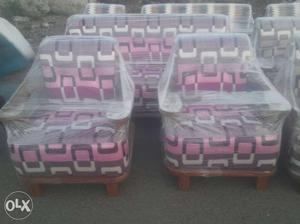 Monogram White, Pink And Brown Sofa Chair Set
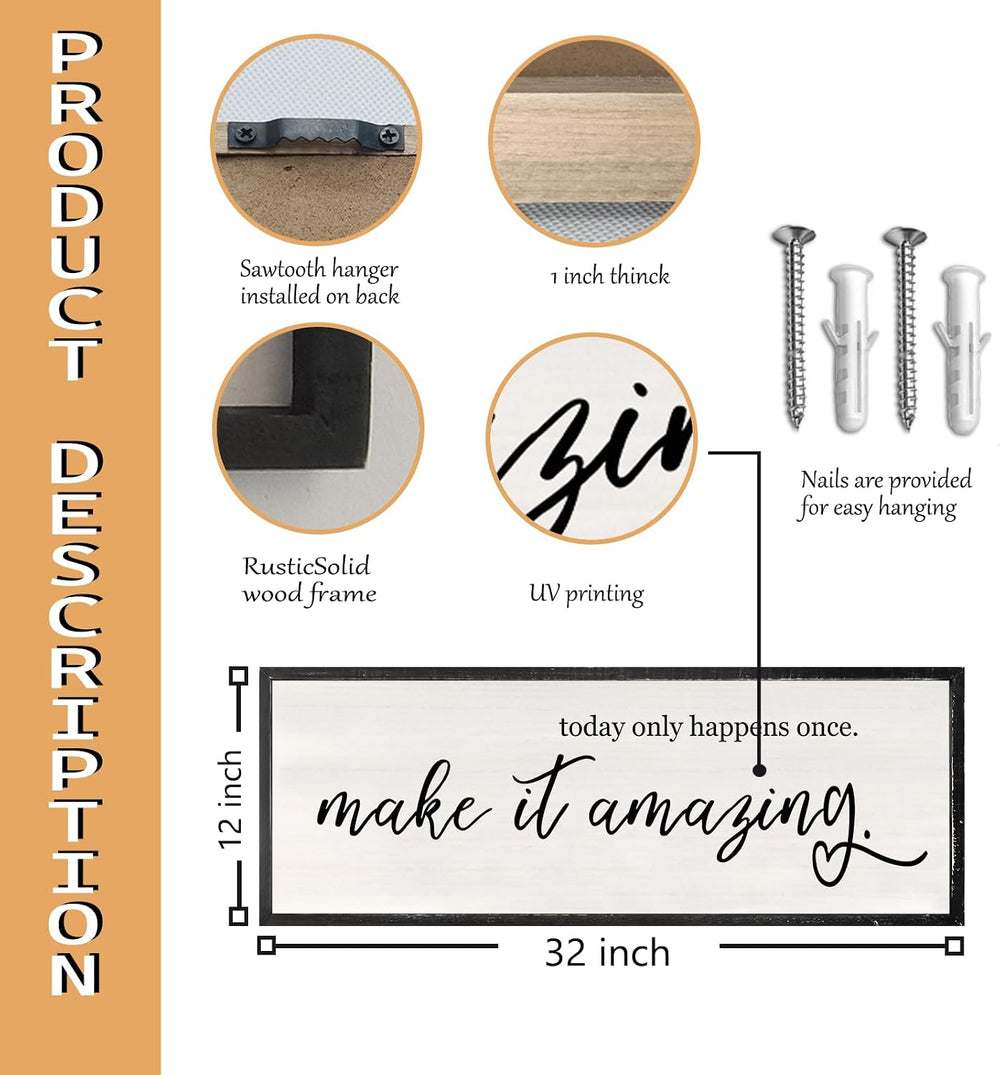 RLWangChao Today Only Happens Once Make It Amazing Wall Art 32"X12"...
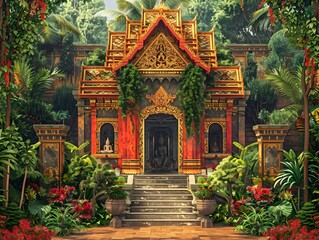 Radiant Thai Ornamental Palace Architecture with Exotic Tropical Foliage and Serene Deity Figures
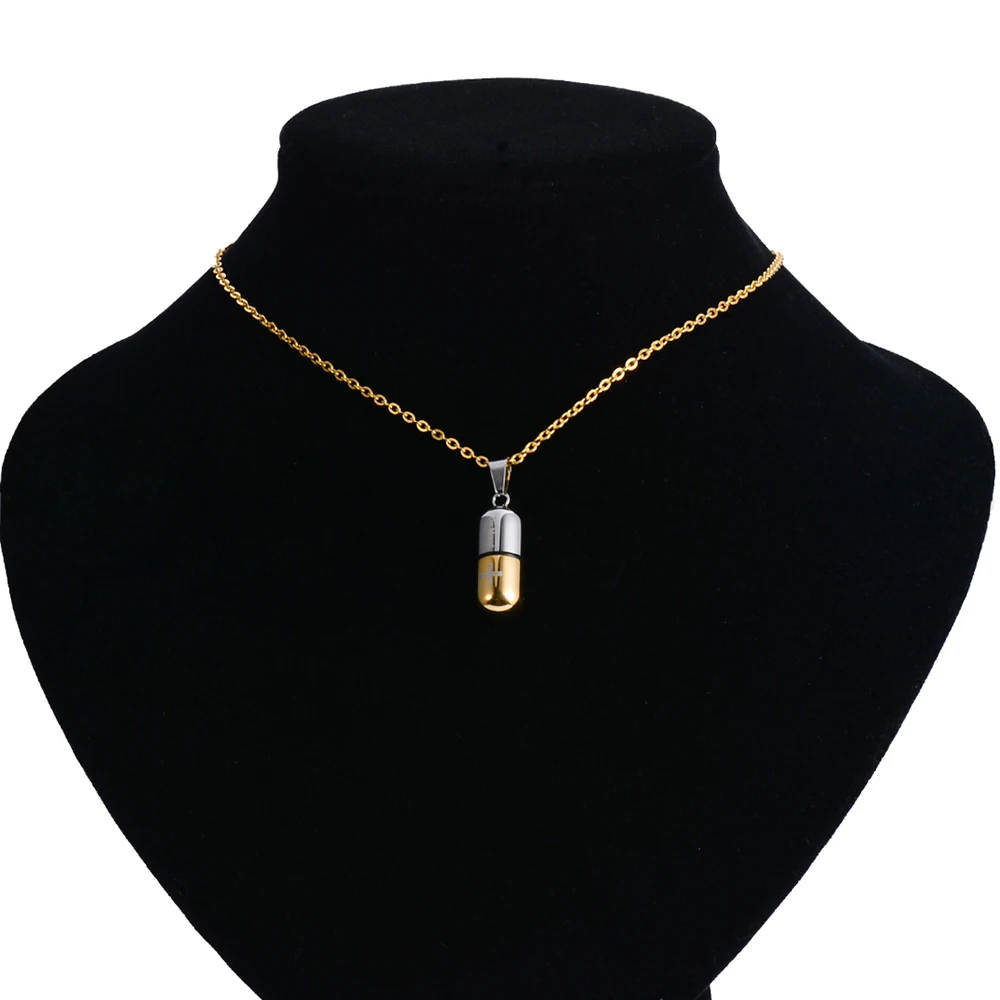 Fashion Pill Case Capsule Pendant Necklace Stainless Steel Mens Womens, 20inch Chain, Cross Medicine Keepsake Pendant Necklace 4
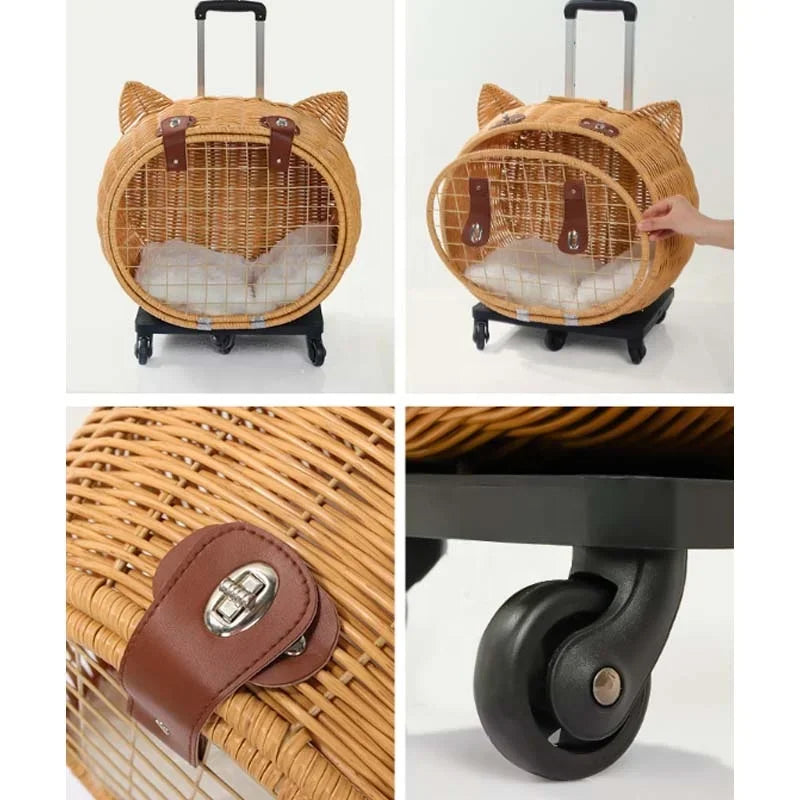 Pet Rolling Carrier, Dog Backpack with Wheels,Cats,Puppies Travel Bag with Wheels,Dog Trolley
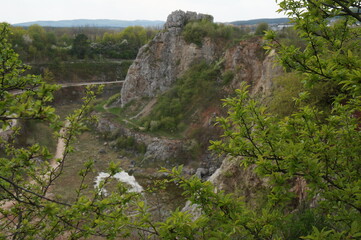 May, Spring. Kadzielnia Nature Reserve is hill surrounded by a excavation pit from a former quarry. Kielce, Poland.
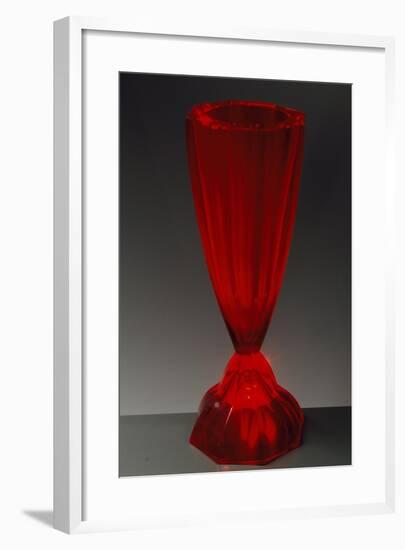 Art Deco Uncut Red Crystal Glasses with Hollow Stems, Ca 1925-null-Framed Giclee Print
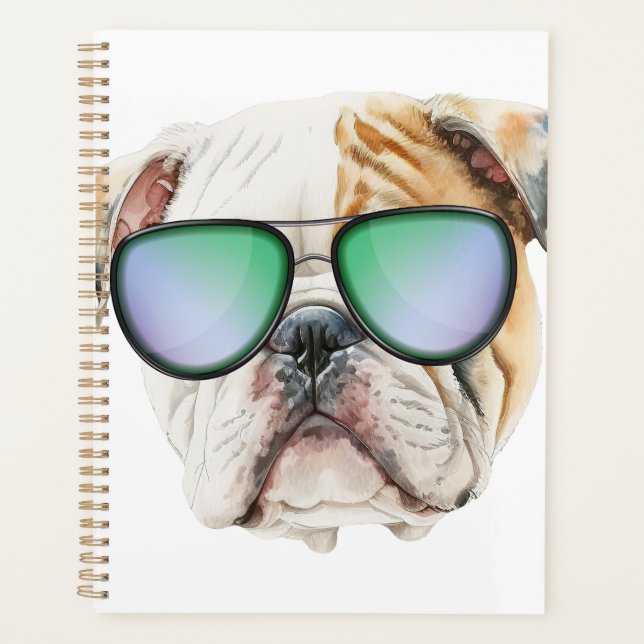 Cute english bulldog with sunglasses, Funny puppy Planner (Front)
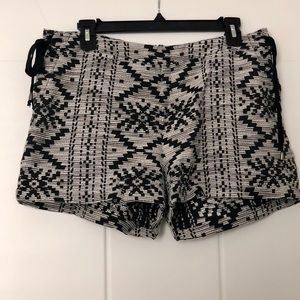 Black and white shorts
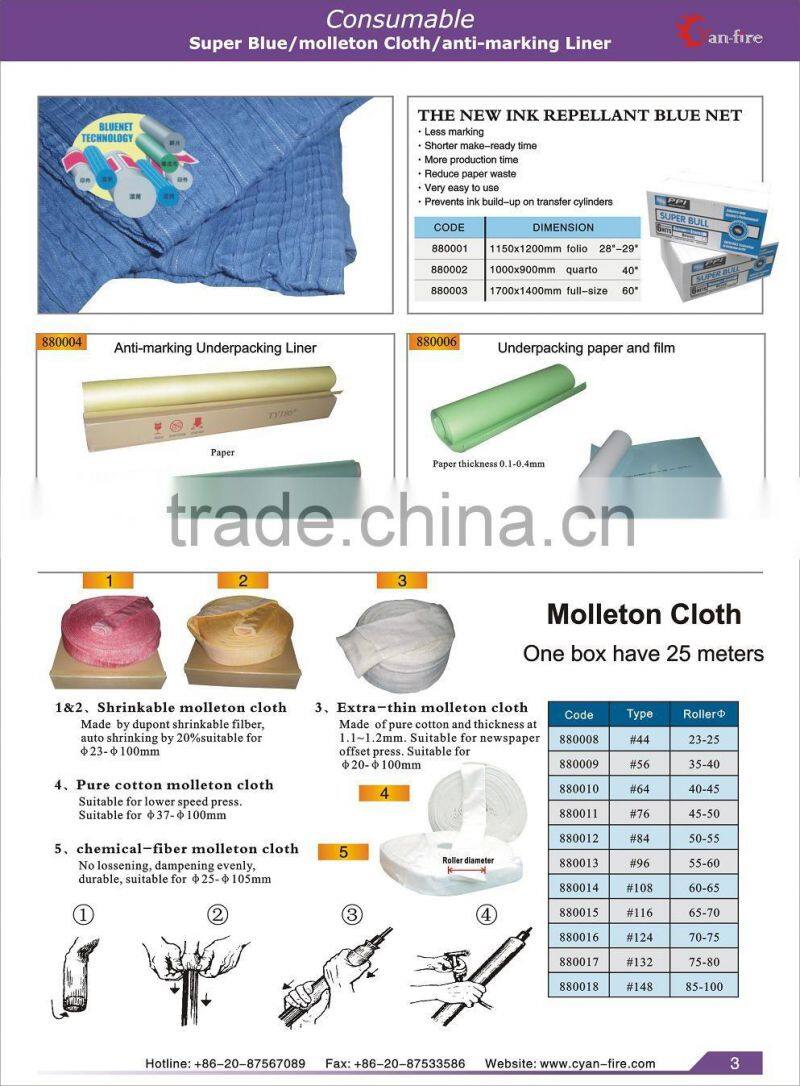 28"-29" super blue net for heidelberg offset printing machine spare parts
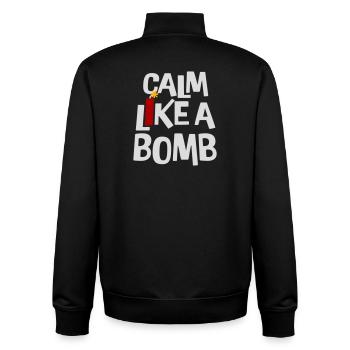 Calm Like Bomb Paradox Ironie Humor Explosiv Witz - Unisex Organic Zip Sweatshirt von Stanley/Stella - Schwarz - Hinten - AI Model Male 185 light (185cm)
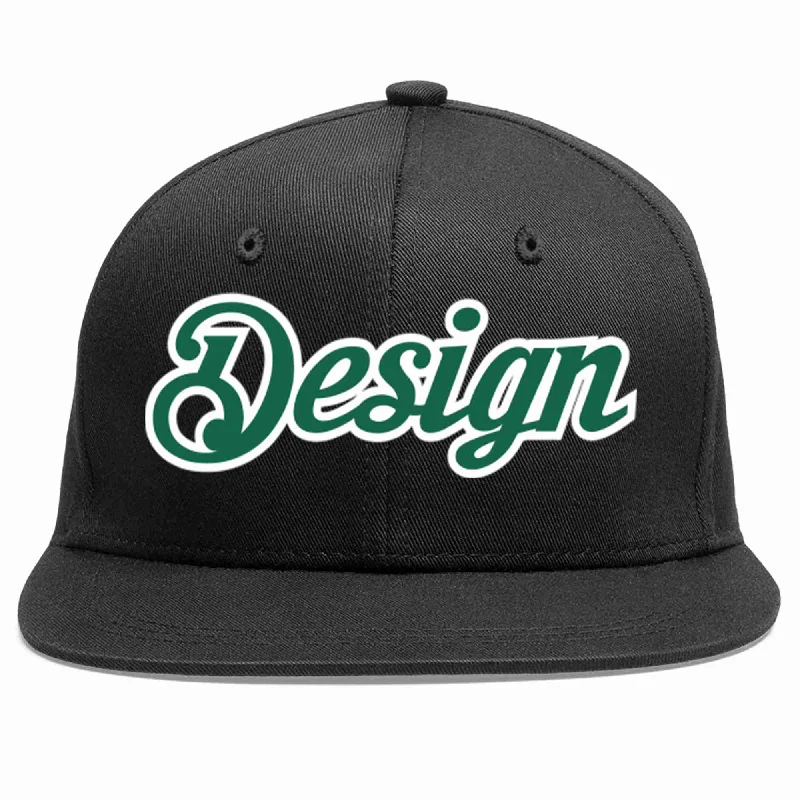 Baseball Cap With Retro Logo-Custom Black Kelly Green-White Flat Eaves Sport Baseball Cap Design for Men/Women/Youth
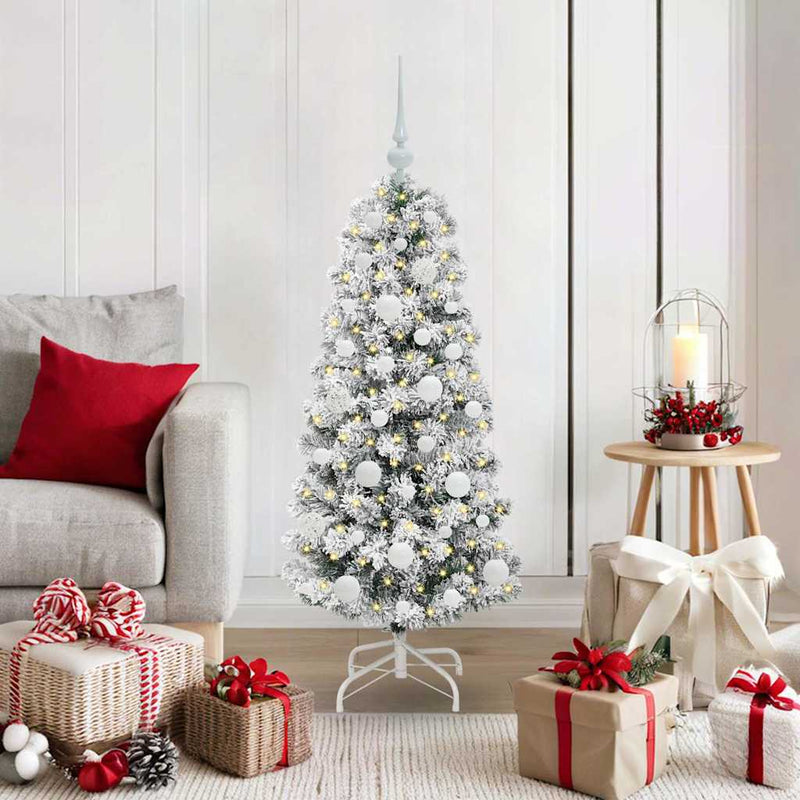 Afbeelding laden in galerijviewer, Vidaxl kunstmatige inklapbare kerstboom groen en wit 120 cm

== == ==

→ **WHAT THE TASK ASKS**:
From the material above, reproduce only what runs from the line holding "Radiant Thai Ornamental" down to the line holding "Baseball Cap With", both included, pictures excluded.

→ **EXERCISE RESULT**:
 Radiant Thai Ornamental Palace Architecture with Exotic Tropical Foliage and Serene Deity Figures
 Fashion Pill Case Capsule Pendant Necklace Stainless Steel Mens Womens, 20inch Chain, Cross Medicine Keepsake Pendant Necklace 4
 Pet Rolling Carrier, Dog Backpack with Wheels,Cats,Puppies Travel Bag with Wheels,Dog Trolley
 May, Spring. Kadzielnia Nature Reserve is hill surrounded by a excavation pit from a former quarry. Kielce, Poland.
 Art Deco Uncut Red Crystal Glasses with Hollow Stems, Ca 1925-null-Framed Giclee Print
 Cute english bulldog with sunglasses, Funny puppy Planner (Front)
 Black and white shorts
 28"-29" super blue net for heidelberg offset printing machine spare parts
 Calm Like Bomb Paradox Ironie Humor Explosiv Witz - Unisex Organic Zip Sweatshirt von Stanley/Stella - Schwarz - Hinten - AI Model Male 185 light (185cm)
 Baseball Cap With Retro Logo-Custom Black Kelly Green-White Flat Eaves Sport Baseball Cap Design for Men/Women/Youth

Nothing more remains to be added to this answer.